🤖 AI Summary
This work addresses the challenge of topological representation for large-scale geometric data, where existing methods—such as Mapper and geometric simplicial complexes—suffer from deteriorating performance at scale, heavy reliance on manual hyperparameter tuning, and limited expressivity in capturing high-dimensional topological features. We propose the first differentiable optimization framework that learns topology-preserving covers end-to-end, eliminating dependence on predefined geometric structures or hand-crafted design. Our core innovation is modeling the cover as a differentiable neural network and introducing topologically grounded loss functions—e.g., nerve consistency—to enable gradient-based parameterization and optimization of covering subsets. The resulting simplicial complexes are more compact yet exhibit superior preservation of high-dimensional topology. Extensive evaluation demonstrates significant improvements over traditional methods on large datasets, with enhanced scalability, robustness to data scale, and fidelity to underlying topological structure.
📝 Abstract
Classical unsupervised learning methods like clustering and linear dimensionality reduction parametrize large-scale geometry when it is discrete or linear, while more modern methods from manifold learning find low dimensional representation or infer local geometry by constructing a graph on the input data.
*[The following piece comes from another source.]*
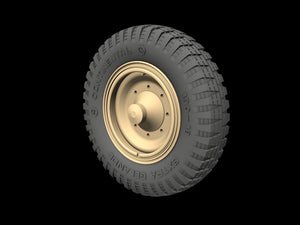 Panzer Art RE35-141 Drive wheels for Sd.Kfz 11 &amp;amp;251 (Gelande Pattern A) 1/35 – Bild 2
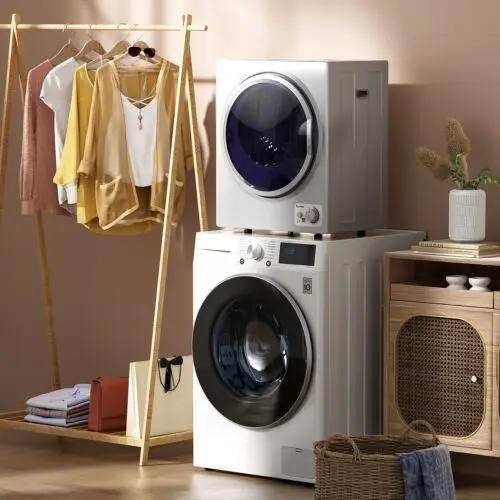 1.5 Cu .ft Clothes Dryer with with Stainless Steel Wall Mount by DirectDeals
More recently, topological data analysis popularized the use of simplicial complexes to represent data topology with two main methodologies: topological inference with geometric complexes and large-scale topology visualization with Mapper graphs -- central to these is the nerve construction from topology, which builds a simplicial complex given a cover of a space by subsets. While successful, these have limitations: geometric complexes scale poorly with data size, and Mapper graphs can be hard to tune and only contain low dimensional information. In this paper, we propose to study the problem of learning covers in its own right, and from the perspective of optimization. We describe a method for learning topologically-faithful covers of geometric datasets, and show that the simplicial complexes thus obtained can outperform standard topological inference approaches in terms of size, and Mapper-type algorithms in terms of representation of large-scale topology.